Vous parlez de cette relation idéale des débuts, de ce que celle du futur pourrait être. Vous vous complaisez dans un fantasme de cette histoire.
Vous rendre compte par la distance que vous êtes tout aussi heureux seul ne fait pas de vous un salaud. En réalité, vous pourriez avoir une personnalité qui goûte à cette solitude (on n'est pas obligé de vivre ensemble et de passer l'intégralité de ses soirées avec l'autre pour avoir une relation heureuse). Votre cœur et votre corps pourraient aussi vous envoyer un signal. Pour vivre une relation à distance depuis quelques années, je peux vous assurer que le manque est là. Que, même dans les moments moins faciles, l'idée de retrouver l'autre et de profiter ensemble au présent est toujours un réconfort. Alors oui, je crois que les années n'altèrent pas ce sentiment, ce bonheur de retrouver l'autre quand on l'aime.
Je ne conseillerais jamais à quelqu'un de prendre son mal en patience parce que, peut-être, sa relation sera plus équilibrée ou plus passionnée dans six mois, un an, cinq ans. D'abord parce que je crois que ce n'est jamais le cas. Ensuite parce que le couple n'est pas un investissement bancaire. Vous devez vous impliquer parce que vous en avez envie, parce que vous y croyez, parce que vos sentiments vous poussent à le faire. Je suis convaincue qu'on ne devrait jamais rester avec quelqu'un sur des fantômes d'une relation plus belle en espérant que le futur sera plus doux. Pourquoi le serait-il?
Un couple, ce n'est pas de la patience, c'est du travail au quotidien, pour l'autre et pour soi. C'est l'effort de toujours être honnête avec soi-même et honnête avec l'autre. «Je ne sais pas si je t'aime mais je t'aimais et j'espère que nous nous aimerons encore à nouveau» ne me semble pas être une raison suffisante pour passer des années avec quelqu'un. En fait, vous méritez mieux et elle mérite mieux.

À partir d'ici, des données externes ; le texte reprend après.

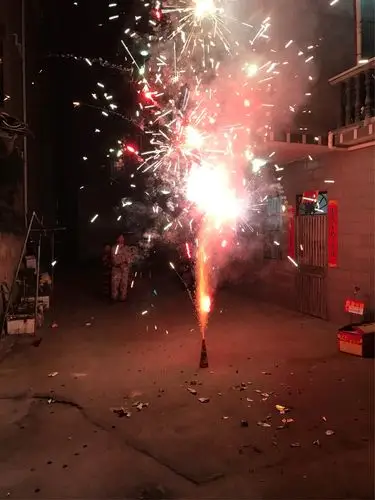 在噼里啪啦的鞭炮声中阵阵欢声笑语,美丽的烟花绽放出绚丽的色彩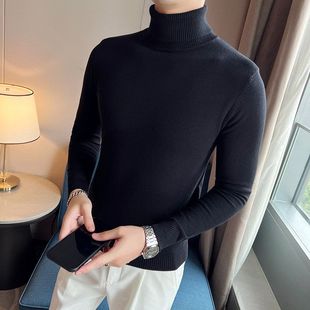 线衣针织衫 秋冬季 高领毛衣纯色百搭保暖加厚紧身打底衫 修身 男 韩版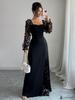 Dames Elegante Vierkante Hals Pofmouwen Mesh Inzet Jacquard Maxi Jurk 3D Slankmakend A-lijn Swing Lange Jurk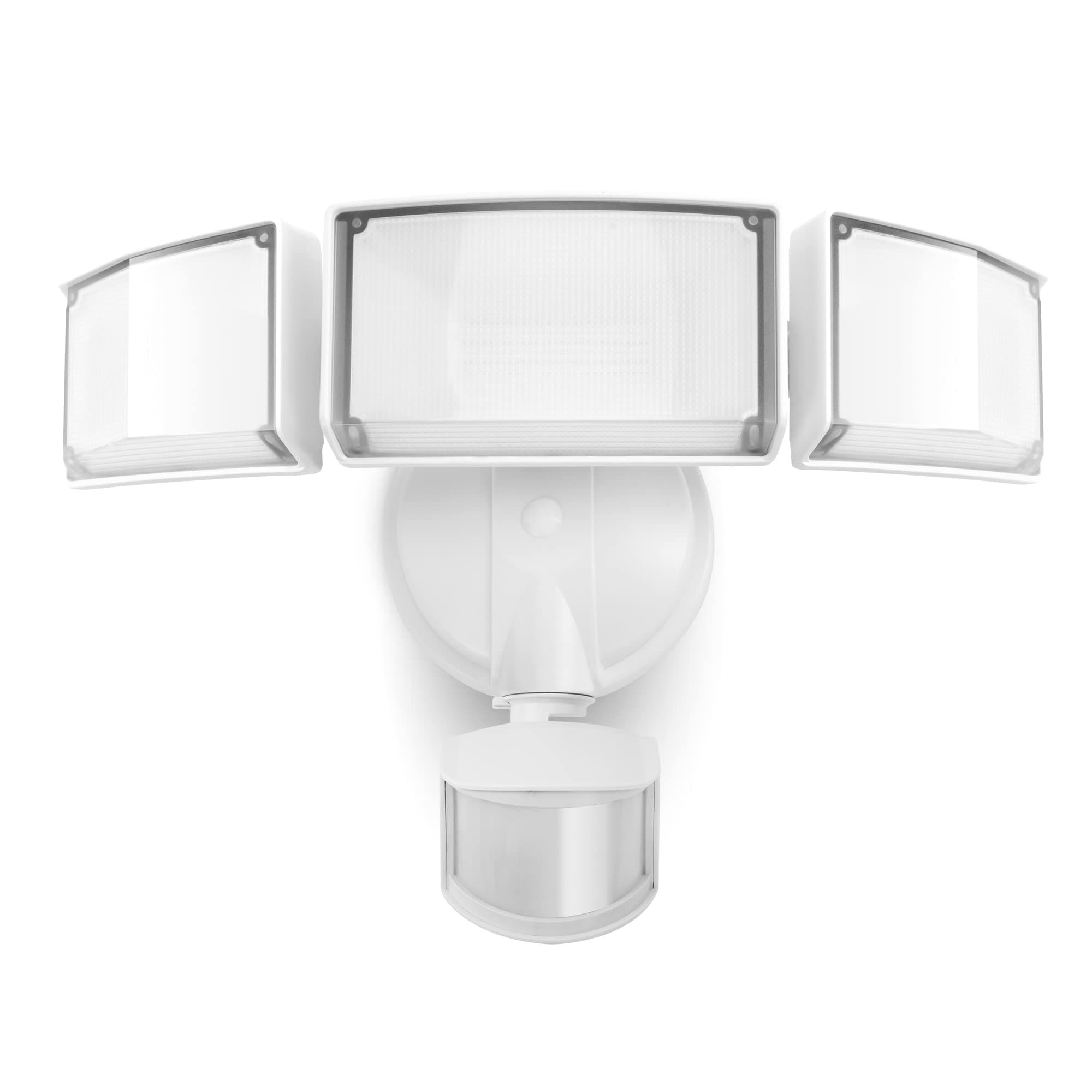 LUTEC 3 Head Motion Sensor Flood Light Outdoor White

Parfois le couple, c'est aussi simple que ça. Vous n'êtes pas responsable de cet éloignement qui s'est installé avec les années. Elle non plus. Ces opportunités professionnelles se sont imposées, comme beaucoup d'éléments s'imposent dans la vie. Peut-être qu'elles ont mis encore plus de distance entre vous, ou peut-être qu'elles vous ont juste prouvé que l'éloignement était déjà bien installé. Je sais qu'une histoire de quelques années, c'est quelque chose qui marque. Je sais aussi que le plus grand geste de respect qu'on puisse avoir pour une histoire et pour sa compagne ou son compagnon, c'est de dire stop quand c'est le moment.